Eles afirmam não ser crível que faltem condições financeiras para que Souza pague a perícia, tendo em vista os milhões que movimentou.

Com dúvidas sobre "A Mulata", o juiz pediu socorro ao Iphan (Instituto do Patrimônio Histórico e Artístico Nacional), mas o órgão não tem dados sobre a pintura oferecida por Souza.

"Não identificamos exatamente de qual obra de arte do Di Cavalcanti se trata. Há inúmeras [do artista] intituladas sobre a temática 'mulata'." A reportagem não obteve imagem de "A Mulata" de Souza.

Representante do modernismo brasileiro, que viveu de 1897 a 1976, o pintor se notabilizou por retratar mulheres nas mais diversas situações.

O instituto indicou laboratórios da Polícia Federal e da USP (Universidade de São Paulo) para fazer testes sobre a datação das tintas e a análise das camadas, entre outros.

"O Iphan não atesta a autenticidade de obras, uma vez que não tem expertise para tanto."

Os representantes da Caixa estão temerosos porque, em outras ocasiões, falsificações do mesmo pintor foram identificadas em acervos destinados a ressarcimento.

Ao processo, anexaram reportagem da Folha, publicada em 2006, que informou serem falsas duas telas de Di Cavalcanti tomadas do ex-banqueiro Edemar Cid Ferreira e levadas ao MAC (Museu de Arte Contemporânea) da USP.

OUTRO LADO

Ex-filiado ao PT, Souza foi indicado ao Conselho Curador do FGTS pela CUT (Central Única dos Trabalhadores). Ele integrou o Comitê de Investimentos do FI-FGTS (Fundo de Investimentos do FGTS).

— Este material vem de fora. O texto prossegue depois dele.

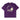 BURU STUDIO - Stop the Bullet T-Shirt Purple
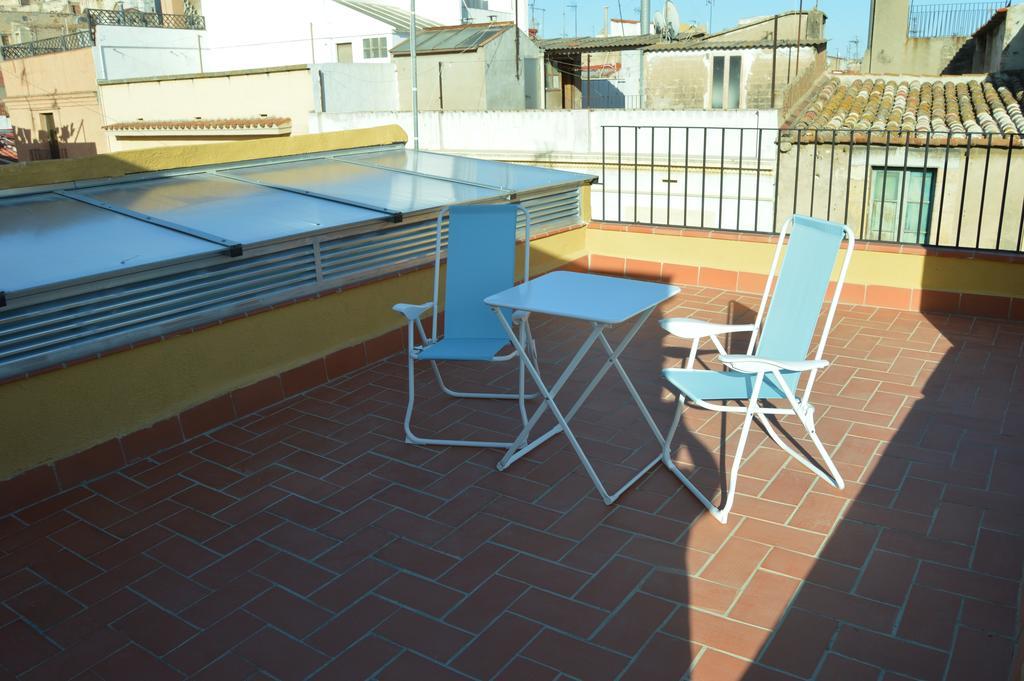 Tarragona Suites Mediona Exterior foto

Souza foi denunciado e responde a uma ação penal por receber pagamentos da Odebrecht de R$ 27,4 milhões e US$ 8,7 milhões (R$ 28,3 milhões), supostamente em troca de facilitar aportes do fundo gerido pela Caixa.

O acusado sustenta que recebeu por serviços legalmente prestados.

O advogado do ex-conselheiro, Fábio Tofic Simantob, diz que seu cliente pagou pela obra no exterior, de forma "não contabilizada", o que justifica a falta de documentos. "Quem paga assim não tem nota", afirma.

Questionado sobre por que seu cliente não informa ao menos de quem a adquiriu, o defensor diz não ter conversado com ele a respeito.

Tofic afirmou que Souza informou em juízo que se trata de um legítimo Di Cavalcanti porque não tem dúvidas a respeito.

O advogado classificou as suspeitas lançadas pela Caixa de especulação. Argumentou, por exemplo, que o fato de a tela não constar de catálogos não significa que seja falsa.

Tofic sustenta que cabe à Caixa fazer uma avaliação sobre a obra, tendo em vista os questionamentos que ela própria faz. "Manda avaliar ou diz que não quer."